Enrico Letta sottolinea l’urgenza per la politica di “sporcarsi le mani” e auspica un intervento del governo che poggi su stabilità e comunità; la prima come condizione per l’instaurazione fertile delle riforme necessarie, e la seconda “come risposta a una società frantumata e divisa tra pochi privilegiati e una sottoclasse fatta di persone lasciate sole e di “rassegnati” di tutte le età”. Secondo il nostro premier il tema della disuguaglianza è sicuramente di primaria importanza.

“È compito della Repubblica rimuovere gli ostacoli di ordine economico e sociale, che, limitando di fatto la libertà e l’eguaglianza dei cittadini, impediscono il pieno sviluppo della persona umana”, recita la carta costituzionale (Art. 3) che identifica anche lo strumento attraverso cui lo stato persegue il principio di uguaglianza: “Tutti sono tenuti a concorrere alle spese pubbliche in ragione della loro capacità contributiva. Il sistema tributario è informato a criteri di progressività” (Art. 53).

Alla luce di quanto scritto dal primo ministro ci si potrebbe attendere di ritrovare nella recente azione di governo almeno un accenno di progressività tributaria; eppure non è così.

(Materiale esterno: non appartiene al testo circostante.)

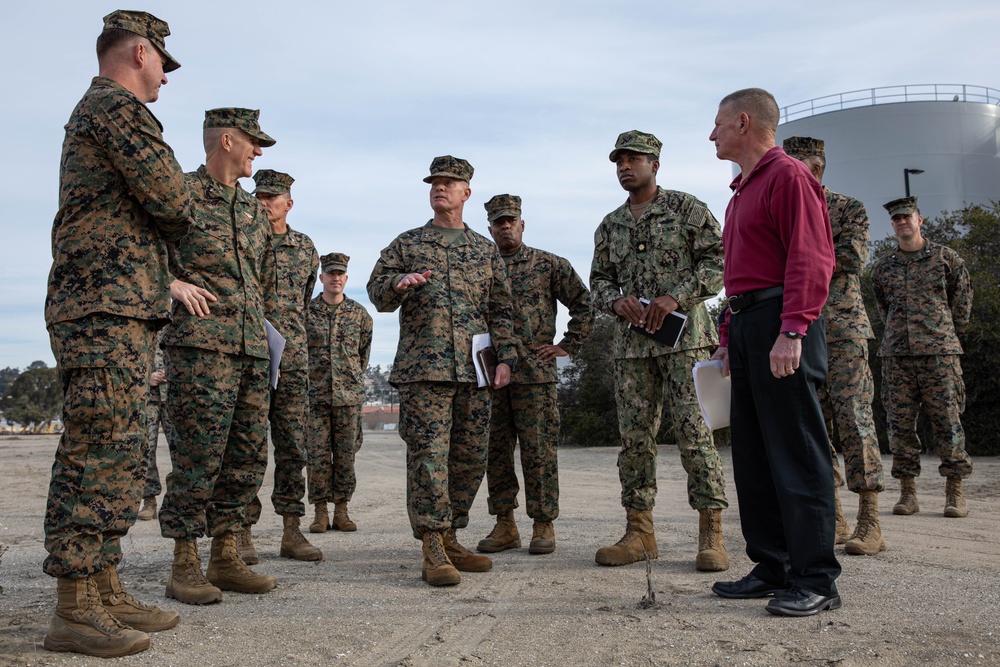 Major General Maxwell Visits MCRD San Diego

Nel 2012 solo 166 miliardi su un totale di 424 miliardi di euro di entrate tributarie totali (cioè il 39%) è provenuto dall’imposta progressiva per antonomasia, l’IRPEF; il resto degli introiti è ottenuto da imposte proporzionali o addirittura regressive. I redditi finanziari, ad esempio, sono soggetti ad una tassazione proporzionale secondo un’aliquota fissa del 20% (ridotta al 12,5% per gli interessi sui titoli di stato) e i proventi da affitti sono tassati al 21%.

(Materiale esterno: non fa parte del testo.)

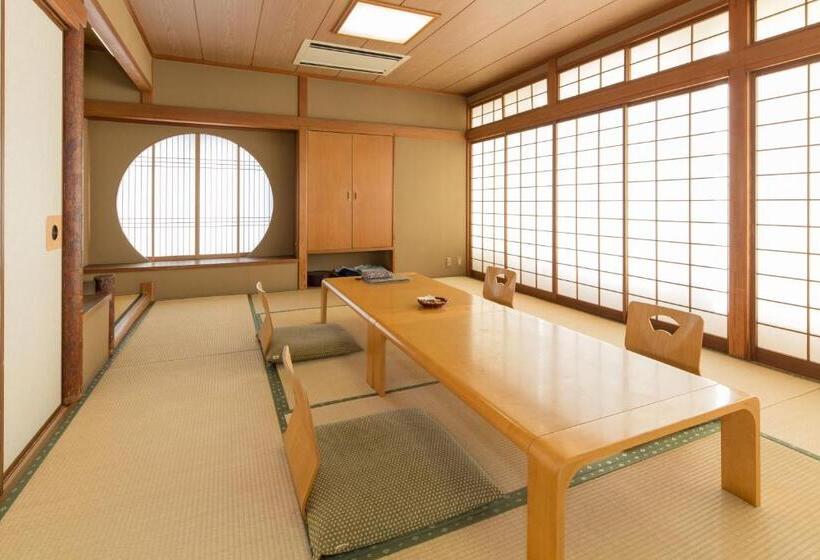 اتاق استاندارد چهار تخته, Ryokan Ryokufuso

La cancellazione dell’IMU sulla prima casa ha finito per favorire le fasce più abbienti della popolazione, come approfondito in L’IMU oscura il pubblico dibattito. Anche l’aumento dell’IVA, iniquo perché colpisce indiscriminatamente tutti i consumatori, è caratterizzato da regressività, pesando maggiormente sui redditi più bassi, dove il consumo rappresenta una frazione maggiore del reddito disponibile. Da ultimo, l’imposta di bollo sui prodotti finanziari, mantenuta (anzi aumentata) nel disegno di legge di stabilità 2013, si presenta come un’imposta fortemente regressiva perché l’importo minimo di 34,2 euro fa sì che si paghi l’aliquota fissa del 2 per mille solo investendo capitali maggiori di 17.100 euro. Fino al raggiungimento di tale cifra l’aliquota sarà invece superiore e diminuirà all’aumentare del capitale, con un meccanismo perverso per cui investendo cifre modeste ci si potrebbe trovare a pagare un’aliquota pari al 100% del capitale. Vi è poi un effetto distorsivo dell’imposta di bollo dato dalla trattazione di favore di conti correnti bancari e conti correnti e buoni fruttiferi postali, verso cui sono dirottati i risparmi.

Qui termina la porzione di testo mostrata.